Services registered with Care Quality Commission (CQC) are required to notify us of significant events, of other incidents that happen in the service, without delay. The management team had not consistently notified CQC of reportable events within a reasonable time frame. Three incidents had been identified as being unreported.

People had an autism profile in their care files that clearly highlighted their social, physical, communication and sensory needs to help guide staff when engaging with people.

People were involved in decisions about the decoration of their rooms. All bedrooms were personalised and set out in the way that people wanted. All people had their own bathroom facilities to use.

All people had communication profiles so that staff could clearly see how a person liked to be supported.

People’s individual care and support needs had been assessed, with assessments in place for areas such as mental capacity, medication, communication and interaction profile.

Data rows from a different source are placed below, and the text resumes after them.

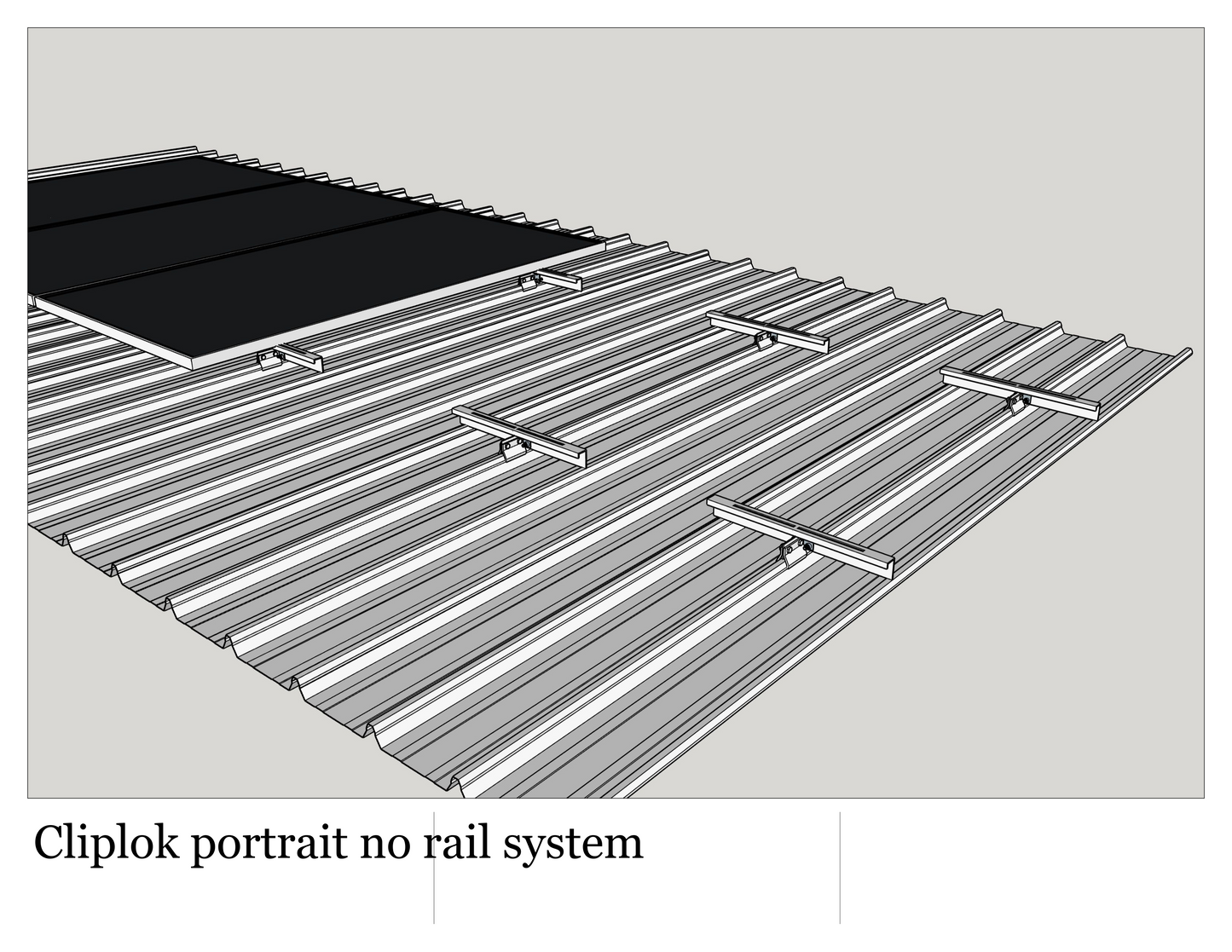 CLIP LOCK BRACKET (PORTRAIT)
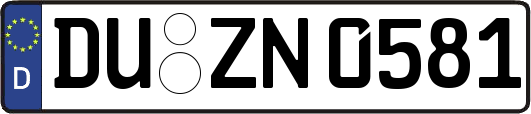 DU-ZN0581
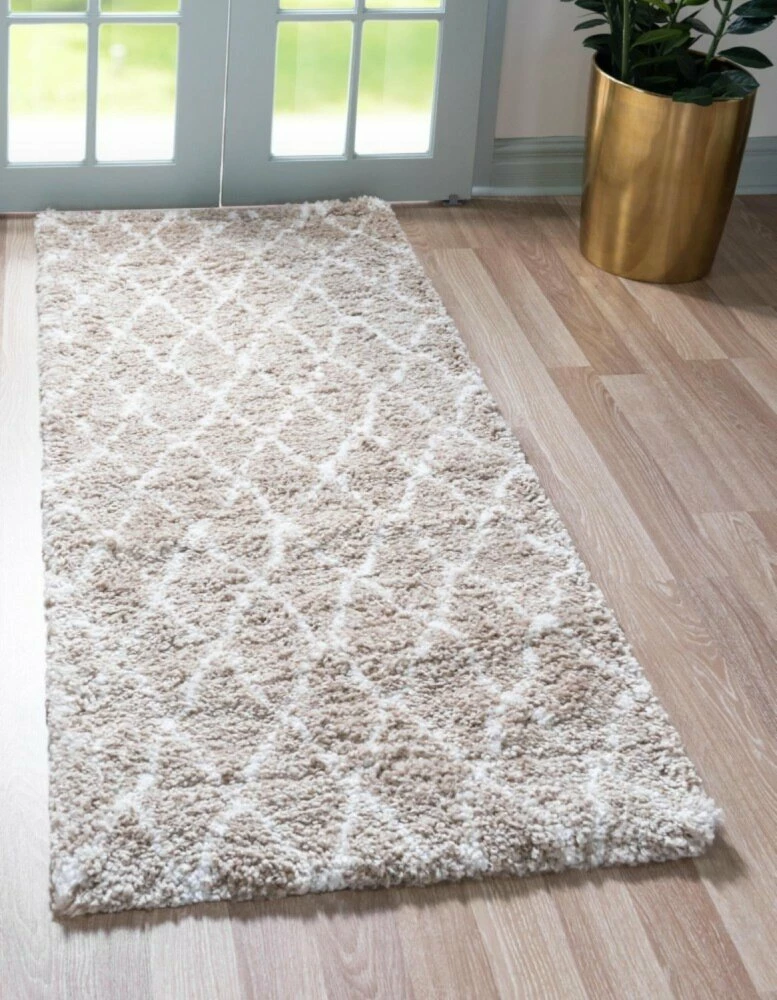 Teppich TEMARA SHAG 3 - braungrau - 305x79 cm 4 Teppich TEMARA SHAG 3 - braungrau - 305x79 cm – Bild 2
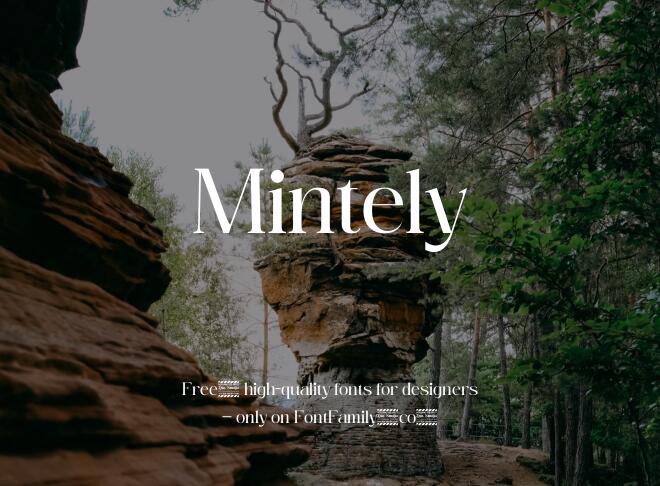 Mintely Font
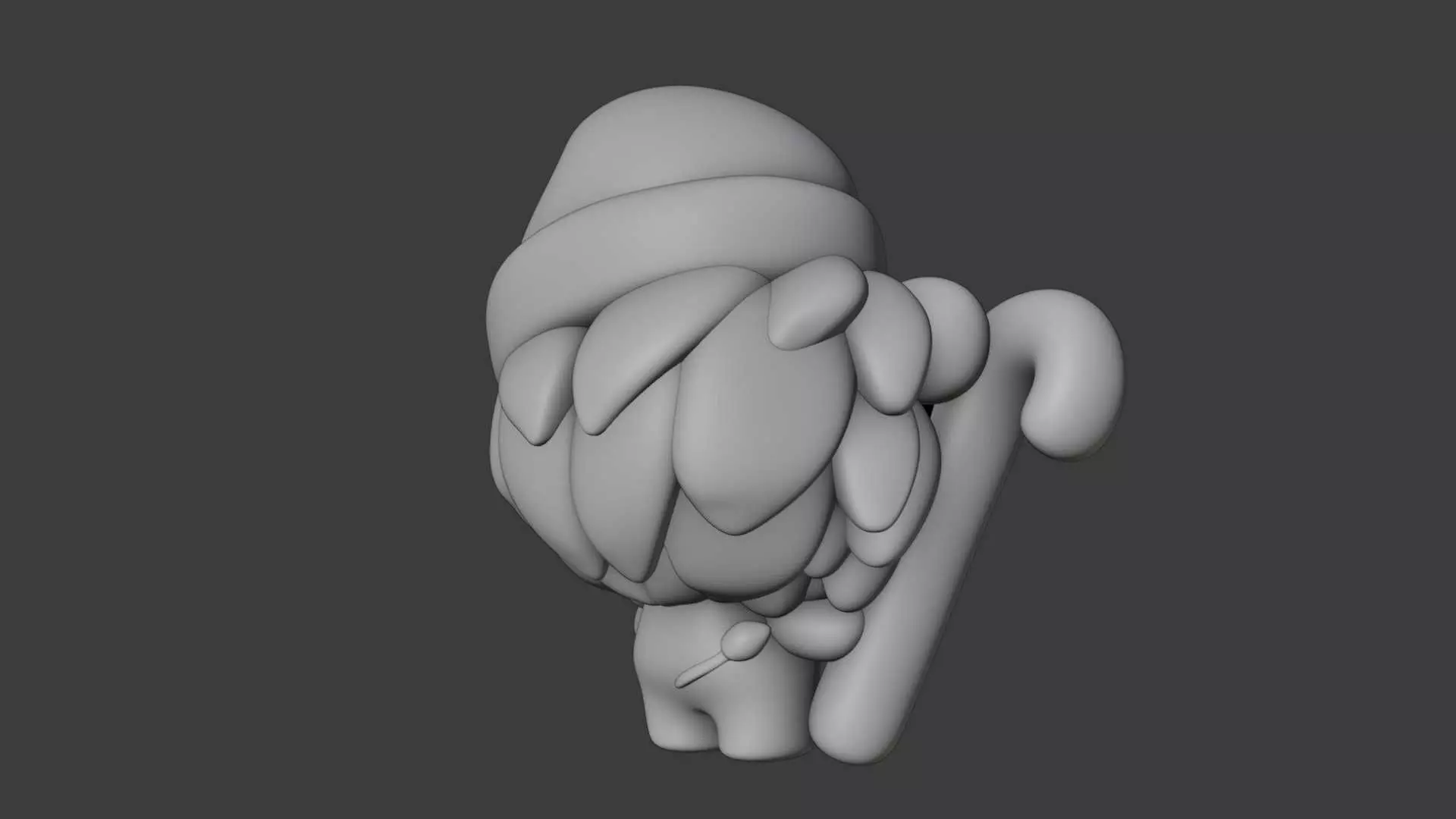 Christmas lion figure  3D print model_4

People were supported to have maximum choice and control of their lives and staff supported them in the least restrictive way possible and in their best interests; the policies and systems in the service supported this practice.

For more details, please see the full report which is on the CQC website at www.cqc.org.uk

Rating at last inspection

The last rating for this service was Good (published 28 March 2017).

Why we inspected

This was a planned inspection based on the previous rating.

We have found evidence that the provider needs to make improvements. Please see the safe, responsive, effective and well led sections of this full report.

Enforcement

We have identified five breaches of the Health and Social Care Act 2008 (Regulated Activities) Regulations 2014. These were breach in regulation 12 (Safe care and treatment), regulation 13 (Safeguarding service users from abuse and improper treatment), regulation 16 (Receiving and acting on complaints), regulation 17 (Good governance) and regulation 19(Fit and proper persons employed). We found one breach of the Care Quality Commission (Registration) Regulations 2009. This was a breach regulation 18 (Notification of other incidents).